Mike Hale of The New York Times wrote, "Friday night's episode, 'Where's the Dignity?,' was more of the same. The writing and plotting, by Jack Amiel and Michael Begler, was sufficient to the task. Everything else was good to superior, and scene by scene, even when the story bordered on melodrama or enlightened piety, the storytelling was believable, engaging, subtle and subtly humorous. That might not sound like such a high bar, but it's exceedingly rare in TV period dramas." Steve MacFarlane of Slant Magazine wrote, "It's the most breathtaking cross-section of Amiel and Begler's often club-footed historical observations yet, and the show's finest episode thus far: proof that, however irritating the procedure, Soderbergh's experiment is still working."

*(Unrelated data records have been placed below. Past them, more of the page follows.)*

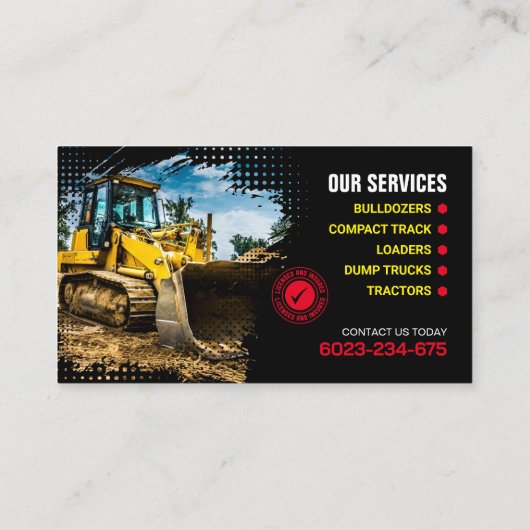 Pinselspitzen, Buschhaken, Landbeseitigung Visitenkarte (Rückseite)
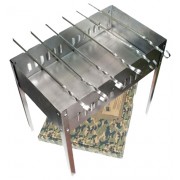 Мангал с шампурами BOYSCAUT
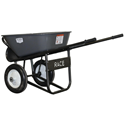 RACE 2-Wheel Wheelbarrow with Flat Free Tires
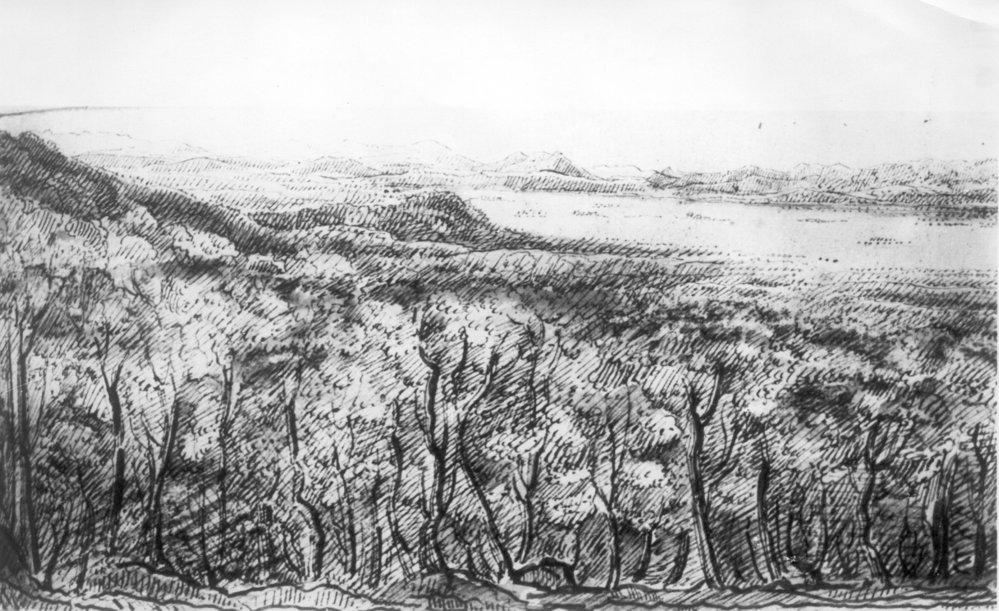 View of Berowra Creek [woodcut]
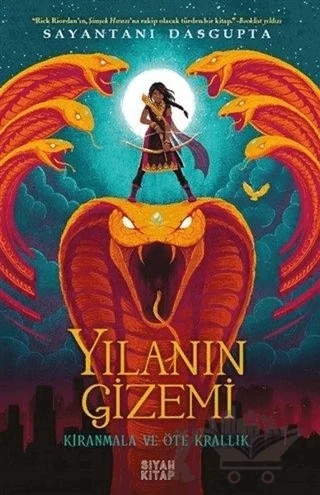 Yılanın Gizemi – Sayantani Dasgupta – Siyah Kitap kitap kapağı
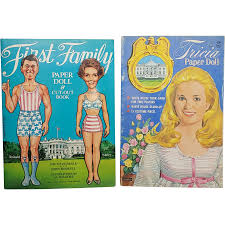 Tricia Nixon and Reagan Family Paper Dolls. For Sale at Ruby Lane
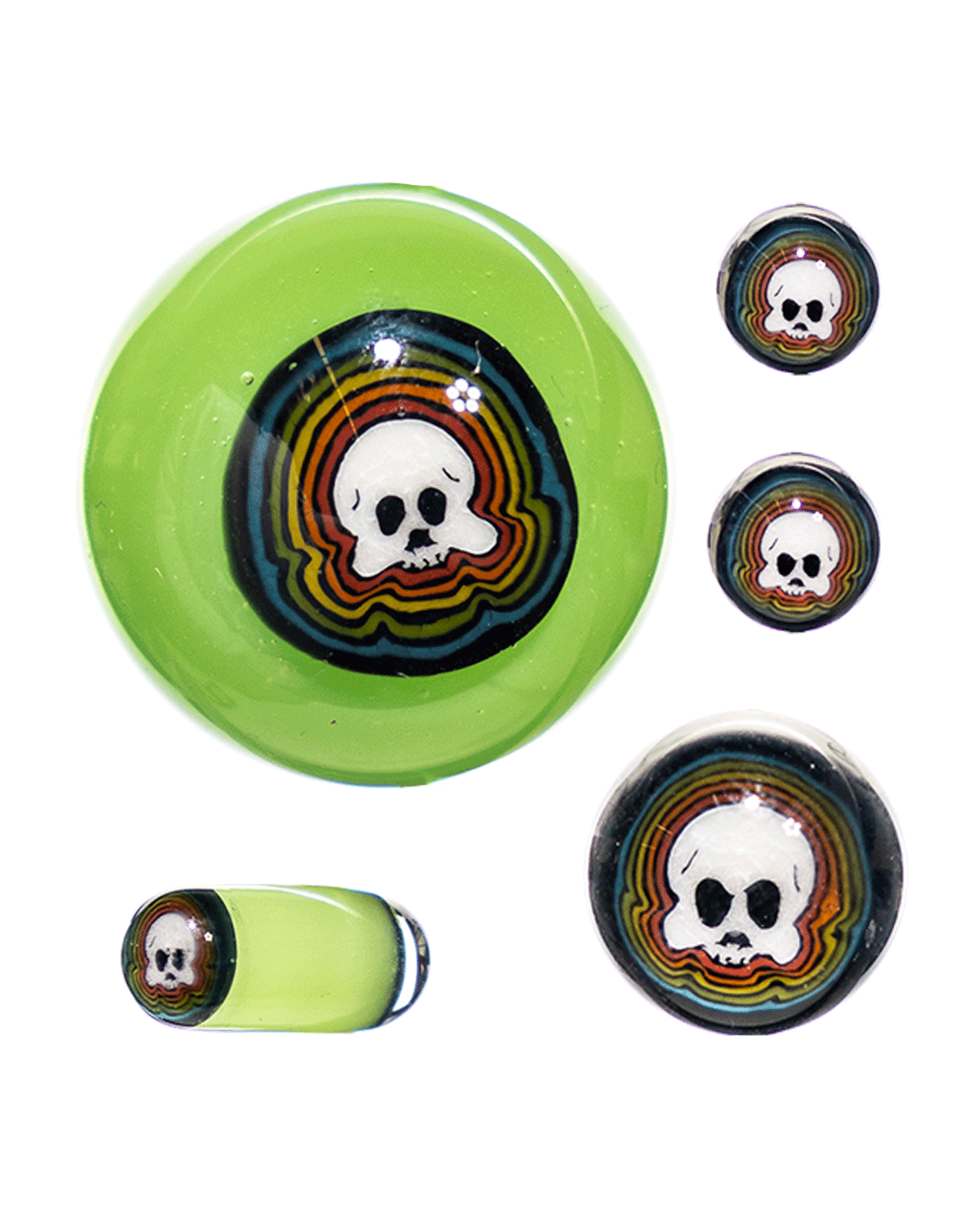 Hendy Glass - Skull Slurper Set - Green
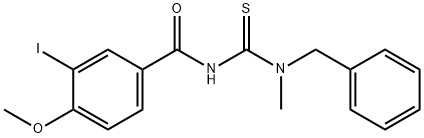 N-{[benzyl(methyl)amino]carbonothioyl}-3-iodo-4-methoxybenzamide Struktur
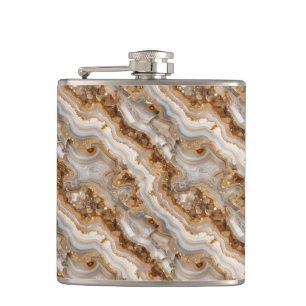 Agate Print Fles Heupfles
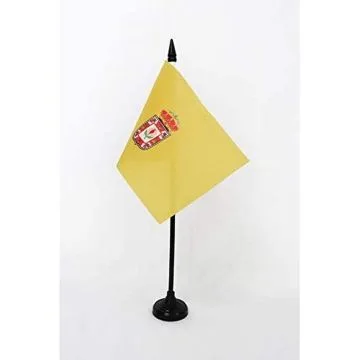 DRAPEAU DE TABLE PROVINCE DE GRENADE 15x10cm - PETIT DRAPEAUX DE BUREAU GRANADA EN ANDALOUSIE 10 x 15 cm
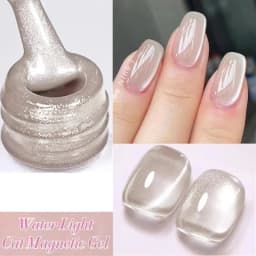 BORN PRETTY Sparkling Glass Bead Cat Magnetic Gel Nail Polish Flash White Spar Red Color Semi Permanent Soak Off UV Gel Varnish
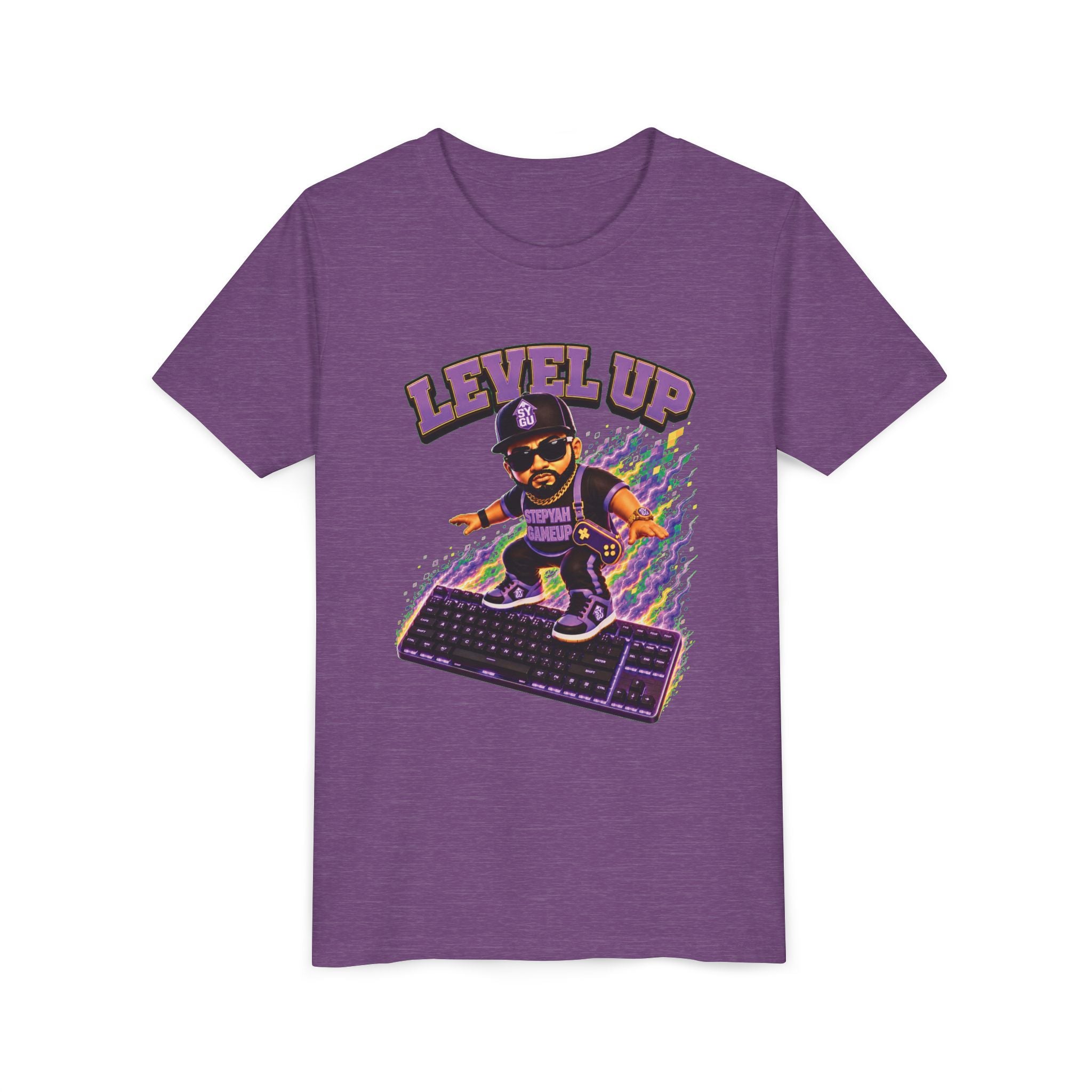 StepYahGameUp — Level Up | Keyboard Rider | Unisex Youth Tee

Gerri Mahn of Den of Geek gave the episode a perfect 5 star rating out of 5 and wrote, "All told, this was a pitch perfect fish out of water episode. Lucy in Chinatown, Edwards bringing diversity to the operating room and the Robertson's drawing room, and the health inspector squicking out the rich. How comfortable are you with white guilt and casual racism? Because there is none of the former and tons of the latter this episode. Did I say pitch perfect? Pitch freaking perfect! The episode closes with a crawling sense of (rabies laden) dread." Robert Ham of Paste gave the episode a 7.3 out of 10 and wrote, "The more they veer away from the hospital itself, the less interesting The Knick becomes."